Task statement:
The reply to the records below should contain exactly the lines from the line with "SLITRK6 was detected" through the line with "Rhinoplasty 106 Image", and nothing besides.

Extracted information:
________________________
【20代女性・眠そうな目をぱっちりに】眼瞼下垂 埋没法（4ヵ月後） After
________________________
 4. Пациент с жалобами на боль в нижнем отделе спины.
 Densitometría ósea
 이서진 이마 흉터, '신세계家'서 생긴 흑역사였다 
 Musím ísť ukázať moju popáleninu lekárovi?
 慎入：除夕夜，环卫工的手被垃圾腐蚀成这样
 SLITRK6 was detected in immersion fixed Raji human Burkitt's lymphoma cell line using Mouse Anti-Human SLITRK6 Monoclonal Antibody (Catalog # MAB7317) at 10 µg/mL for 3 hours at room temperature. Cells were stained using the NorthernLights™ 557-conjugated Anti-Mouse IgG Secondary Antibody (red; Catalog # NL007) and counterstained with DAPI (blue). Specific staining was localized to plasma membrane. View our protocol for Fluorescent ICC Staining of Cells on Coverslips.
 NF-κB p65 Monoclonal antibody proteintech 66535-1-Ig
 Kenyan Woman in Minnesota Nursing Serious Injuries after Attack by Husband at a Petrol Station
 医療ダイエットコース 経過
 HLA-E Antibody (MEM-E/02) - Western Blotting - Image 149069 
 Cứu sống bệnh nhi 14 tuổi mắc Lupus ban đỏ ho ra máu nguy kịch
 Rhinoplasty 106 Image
________________________
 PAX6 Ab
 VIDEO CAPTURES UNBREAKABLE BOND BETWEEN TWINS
________________________
Written answer:
 SLITRK6 was detected in immersion fixed Raji human Burkitt's lymphoma cell line using Mouse Anti-Human SLITRK6 Monoclonal Antibody (Catalog # MAB7317) at 10 µg/mL for 3 hours at room temperature. Cells were stained using the NorthernLights™ 557-conjugated Anti-Mouse IgG Secondary Antibody (red; Catalog # NL007) and counterstained with DAPI (blue). Specific staining was localized to plasma membrane. View our protocol for Fluorescent ICC Staining of Cells on Coverslips.
 NF-κB p65 Monoclonal antibody proteintech 66535-1-Ig
 Kenyan Woman in Minnesota Nursing Serious Injuries after Attack by Husband at a Petrol Station
 医療ダイエットコース 経過
 HLA-E Antibody (MEM-E/02) - Western Blotting - Image 149069 
 Cứu sống bệnh nhi 14 tuổi mắc Lupus ban đỏ ho ra máu nguy kịch
 Rhinoplasty 106 Image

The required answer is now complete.